- COLLECTED DATA
===

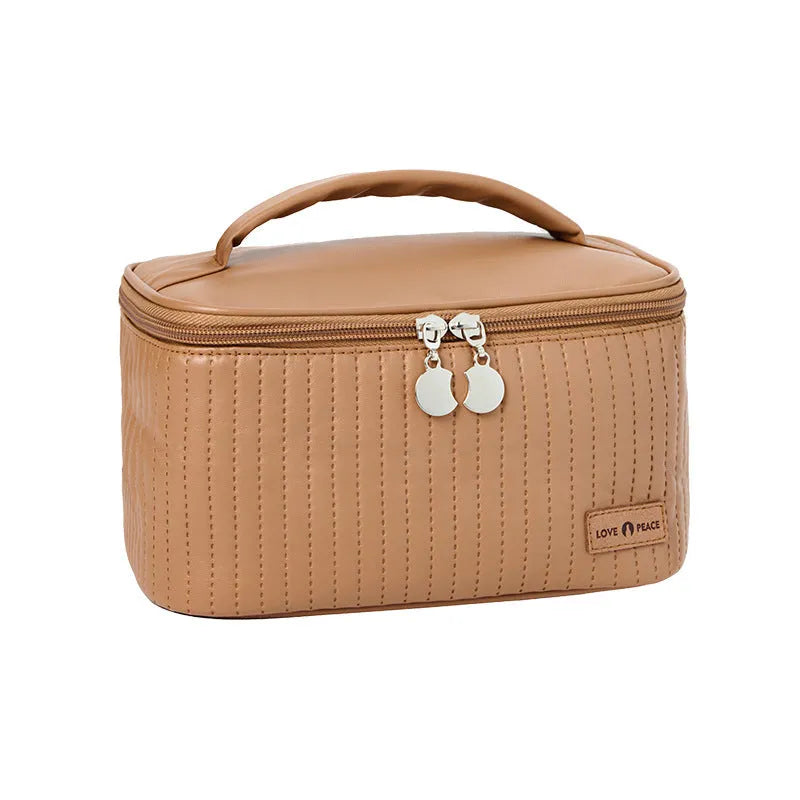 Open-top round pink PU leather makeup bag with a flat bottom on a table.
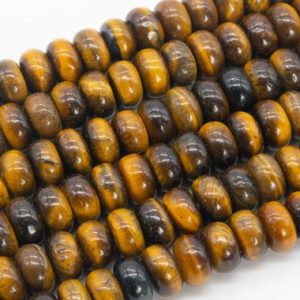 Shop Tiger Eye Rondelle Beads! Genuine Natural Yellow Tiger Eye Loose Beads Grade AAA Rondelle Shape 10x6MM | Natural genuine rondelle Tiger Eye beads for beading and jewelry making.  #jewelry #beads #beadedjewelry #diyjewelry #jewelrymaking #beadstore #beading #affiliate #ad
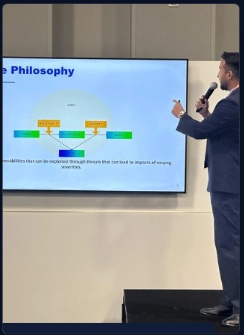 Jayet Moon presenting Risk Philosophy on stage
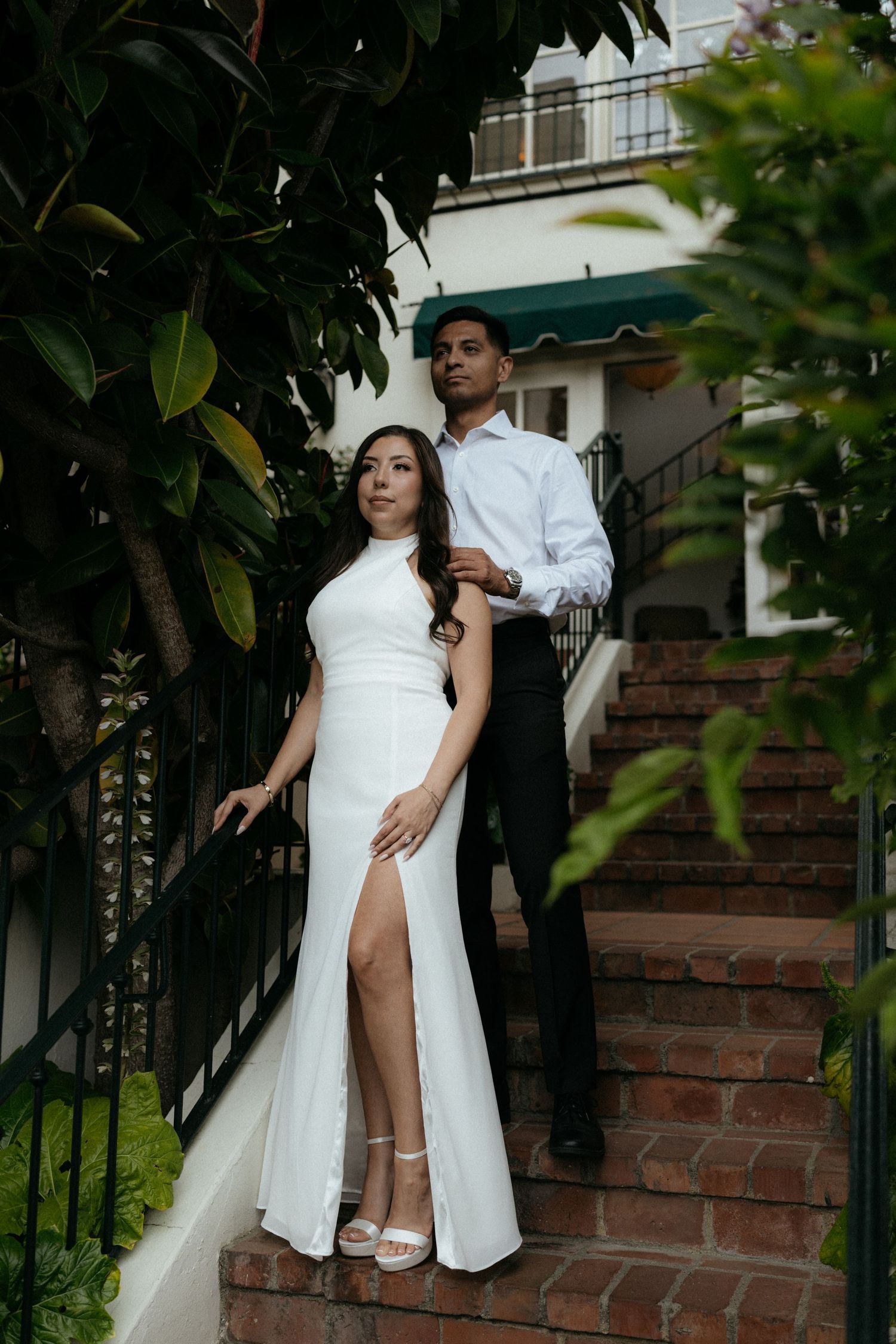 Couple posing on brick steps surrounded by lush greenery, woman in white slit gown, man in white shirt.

===

Except for the pictures, write the data out exactly.

 Open-top round pink PU leather makeup bag with a flat bottom on a table.
 Shop Tiger Eye Rondelle Beads! Genuine Natural Yellow Tiger Eye Loose Beads Grade AAA Rondelle Shape 10x6MM | Natural genuine rondelle Tiger Eye beads for beading and jewelry making.  #jewelry #beads #beadedjewelry #diyjewelry #jewelrymaking #beadstore #beading #affiliate #ad
 Jayet Moon presenting Risk Philosophy on stage
 Couple posing on brick steps surrounded by lush greenery, woman in white slit gown, man in white shirt.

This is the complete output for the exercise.